Workflow updates are atomic. That comprises anything that anybody can see that pertains to the workflow: render-cache updates, new uploaded files, steps, fetches ... anything. Nobody can see a half-completed change, ever.

In other words: a Workflow is one big blob.

We use database locks for this. Any write (even a simple Step update) must SELECT the workflow FOR UPDATE.

Django doesn't SELECT FOR SHARE, so reads must use SELECT FOR UPDATE too, to agree with writes.

Many workflow updates (such as "add step") happen via "commands", logged in the "delta" table. Many other updates (such as "write to render cache") don't.

User updates

User updates are also atomic.

Updates to user's usage/limits

Some operations, like "change step's auto-update frequency", modify the user's usage: a property that crosses all workflows. A change like this must be atomic, too: if two workflow updates are concurrent, any observer must only be allowed to see 1) the first update; followed by 2) the second update.

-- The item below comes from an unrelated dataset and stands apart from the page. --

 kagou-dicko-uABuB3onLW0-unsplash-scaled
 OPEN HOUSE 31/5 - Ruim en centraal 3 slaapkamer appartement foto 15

Operations that affect usage:

  • Change step update frequency
  • Delete workflow
  • Delete tab (undoing won't schedule any new fetches)
  • Delete step (undoing won't schedule any new fetches)
  • Subscribe/unsubscribe

(This list is short by design: Workbench makes it hard for users to increase their usage accidentally.)

To prevent users from seeing inconsistent states, every usage read or change must lock the User.

Order Workflow/User locks to avoid deadlock!

A workflow change that alters usage now has two locks: the Workflow lock and the User lock. Avoid deadlock: always lock in order.

The order is:

  1. Acquire Workflow lock
  2. Acquire User lock
  3. Release User lock
  4. Release Workflow lock

(This deviates from alphabetical ordering because it makes cleaner code. User locks tend to be conditional, so we nest them deeper in our calling code.)

WebSocket updates

Every Workflow (or User) update gets sent to the client.

Since Workflow and User updates are ordered, the updates seen by clients should also be ordered.

Unfortunately, our messaging system won't stay in lockstep with the database:

  • We can't send messages until after database commit -- at which point, we've released our locks.
  • Even if we held locks while sending messages, our message queueing system doesn't guarantee ordering. We don't confirm published messages -- nor should we, because we drop messages by design when clients back-pressure. Without confirmations, we can't guarantee ordering. (We could route all messages through an intermediary queue just to make sure they're ordered ... but if we reach this point, our system is too complex and we should abandon RabbitMQ instead.)

All that to say: there is a race in theory. Clients may theoretically receive workflow updates out of order.

As of 2021-06-16, we haven't heard of a single bug related to this race. We assume our database locks are far, far slower than message publishes, making this race moot.

Also as of 2021-06-16, the consequences of this race are harmless. Clients may see a glitch or error message, and they can dismiss it by refreshing the page.